1. Financial burdens.
Regardless of your job or financial situation, HIV is one costly virus to contract. Although there are plenty of options for people who don't have or can't afford insurance, managing the virus can still take a toll on your pocketbook. Even if you have the Rolls-Royce of insurance plans, the costs of regular lab work and co-payments for medication can add up over time. Ask anyone living with HIV, and they will tell you about the financial stress that comes with the virus. Trust that this is one expense worth avoiding.
2. Premature aging.
Even though the dramatic physical effects of HIV have significantly diminished since the advent of modern antiretroviral medications, the virus can still cause signs of premature aging.
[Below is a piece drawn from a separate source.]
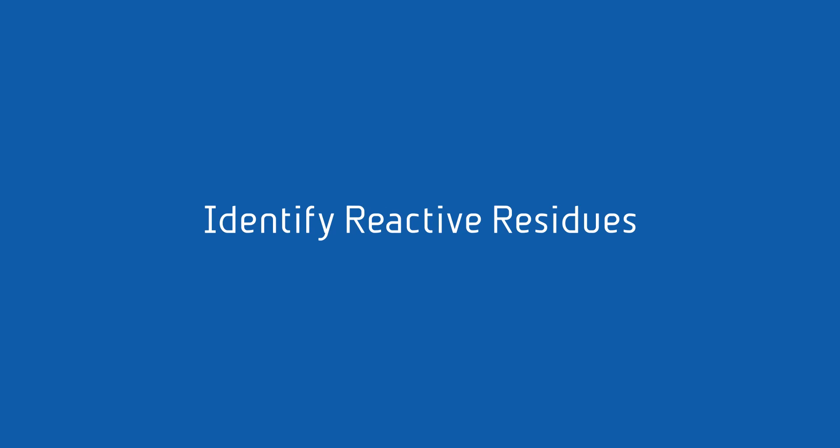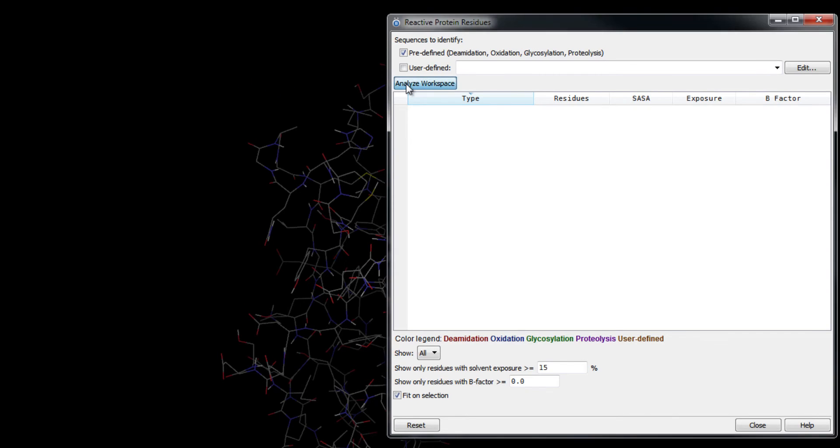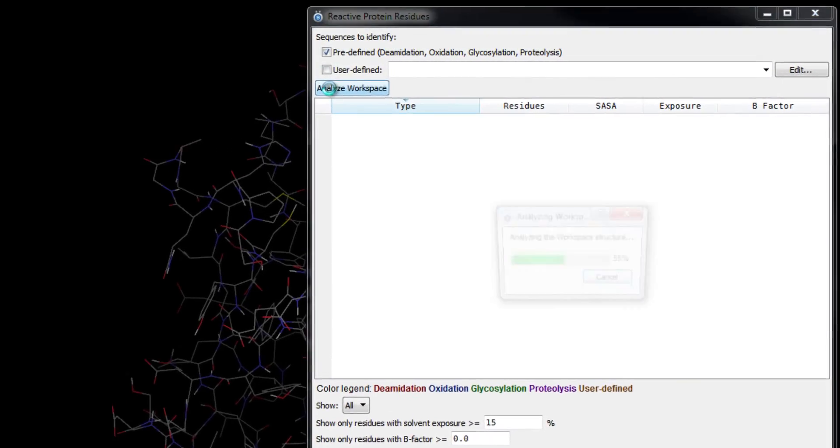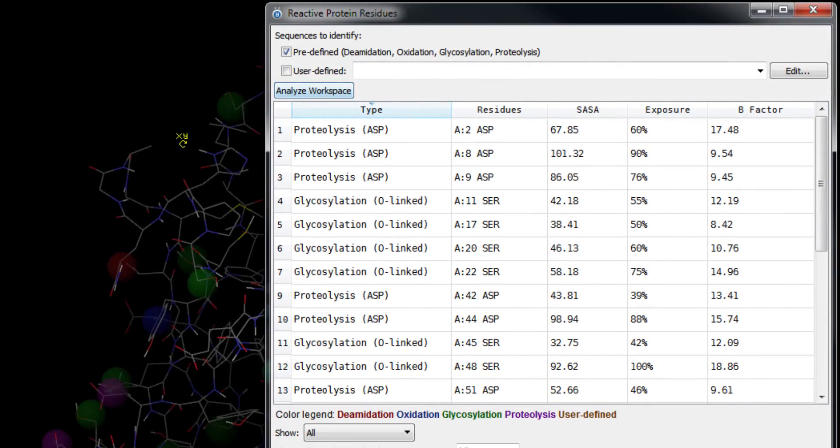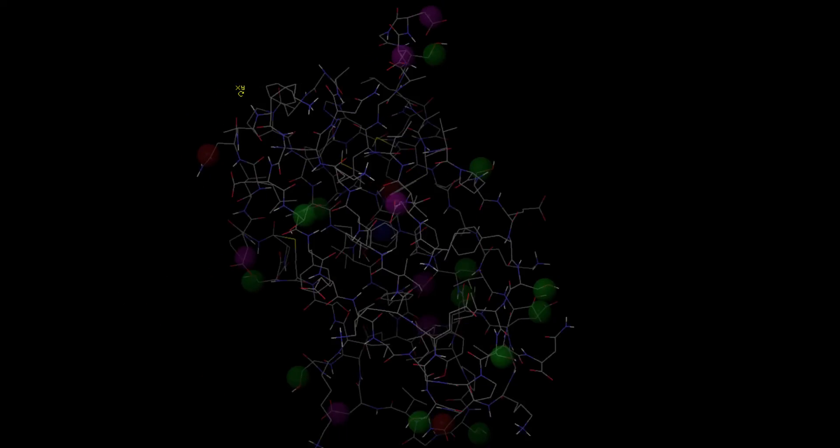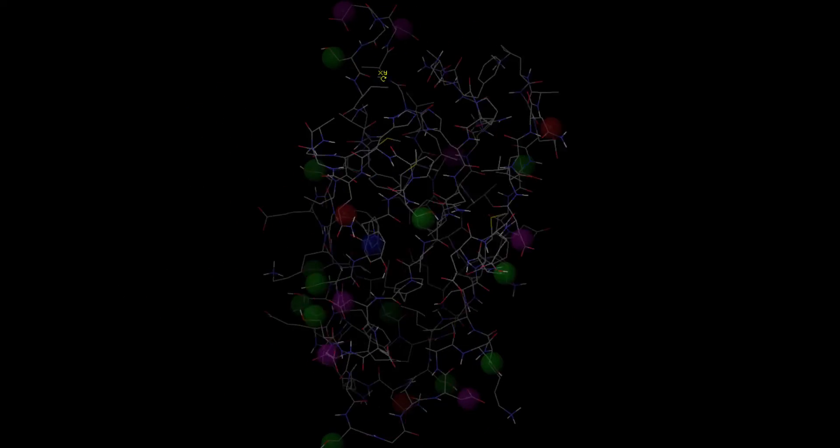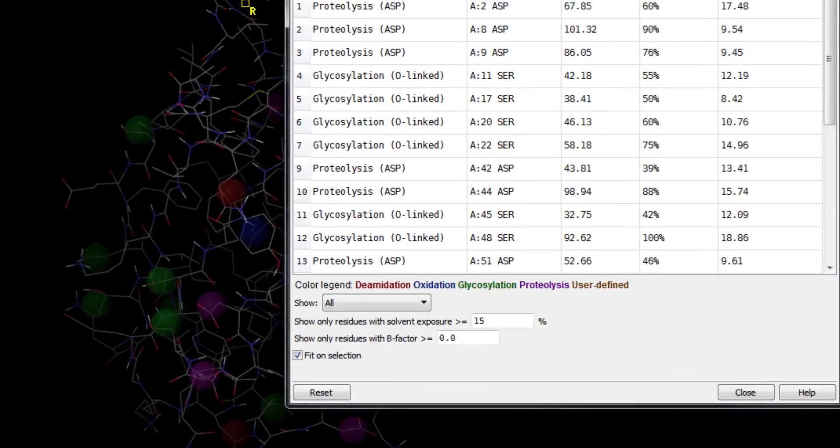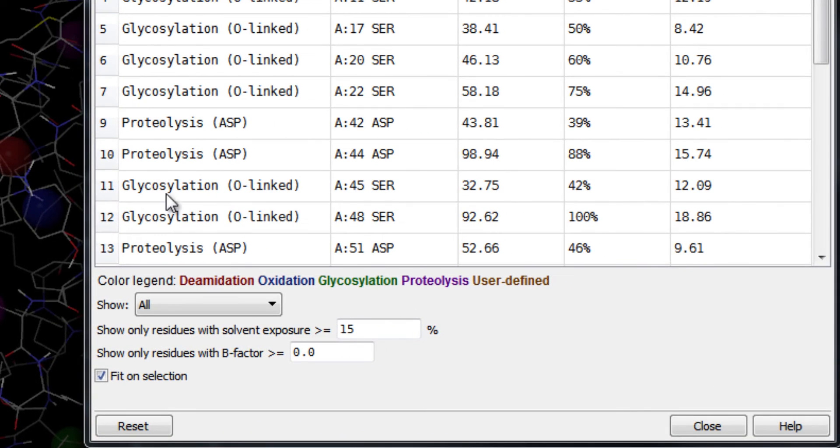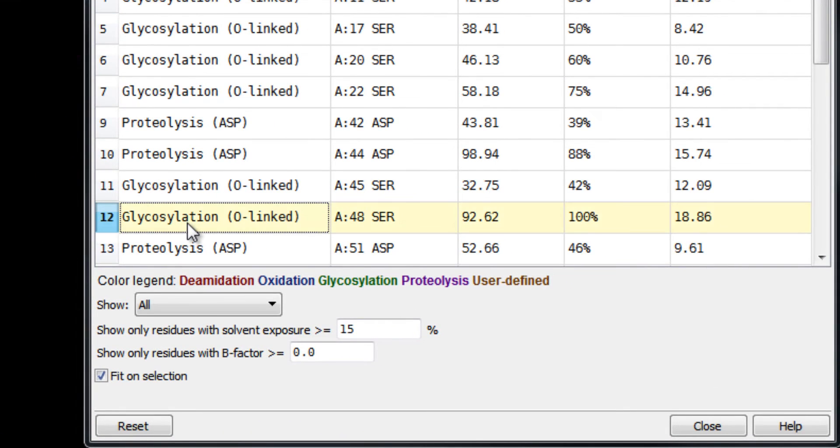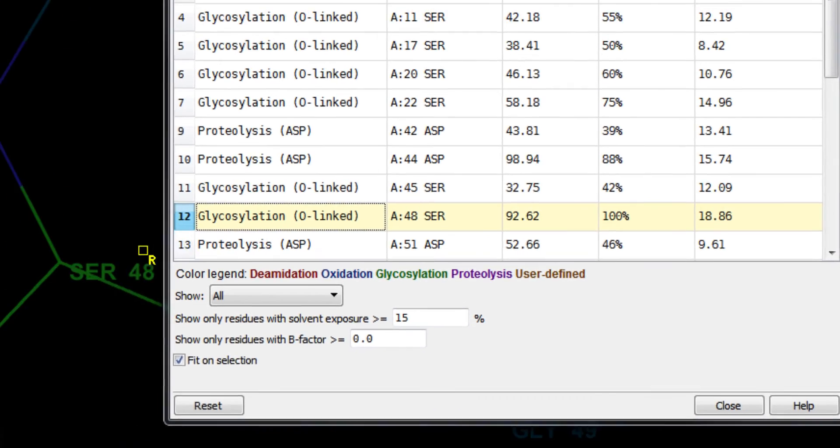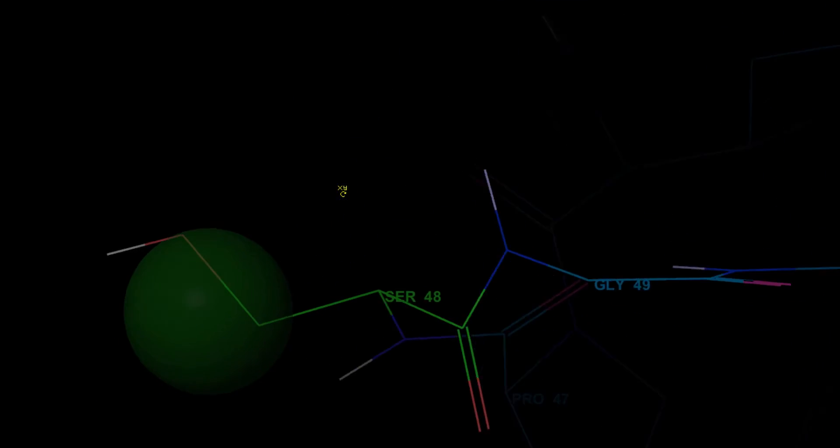Identify reactive residues in a protein that may require mutation. Reactions include deamidation, oxidation, glycosylation, and proteolysis, and visualize the reactive residues in the workspace.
No amount of moisturizer in the world can prevent this inevitable symptom of the virus. If you don't want to worry about wrinkles or joint pain before you have to, you might want to take a closer look at safer sex practices.
3. Dating dilemmas.
Although disclosure usually gets easier with time, it is never fun to stress over the possibility of being rejected because of your HIV status. Even with prevention methods like TasP (treatment as prevention), PrEP (pre-exposure prophylaxis), and the time-tested condom, there will always be people who are too afraid to date a person living with the virus. In addition to the initial disclosure, an HIV-positive person also has to wonder if their ex-boyfriend or girlfriend will share their status if the relationship ends badly. And let's face it, what relationship doesn't?
4. Doctor visits.
In addition to their costs, the frequent doctor visits can be quite the time management crunch. Even after you have the disease under control, you will still need to visit your doctor every four months to make sure your medication is still working and that your organs are functioning correctly.
5. Increased risks for other (serious) diseases.
It is true that a person diagnosed with HIV today can live as long as they would if they were HIV-negative, but only if they actively manage their health. People who are living with HIV are at a much higher risk for life-threatening diseases and health complications such as cancer, heart attack, stroke, and kidney failure, just to name a few. When you are 35 or 40 years old, you should not have to worry about things like heart inflammation and bone density, but that is exactly what you will need to be aware of if you want to live a long and healthy life with HIV.
6. Chronic anxiety.
No matter how well-adjusted you become, living with HIV will always come with a sense of worry and anxiety. Every time you get sick or something doesn't feel right, your mind can go to places that are a little darker and more serious than before. Being open about your struggles and creating a support system to help you through your fears helps tremendously, but anxiety will always be something you manage alongside your disease.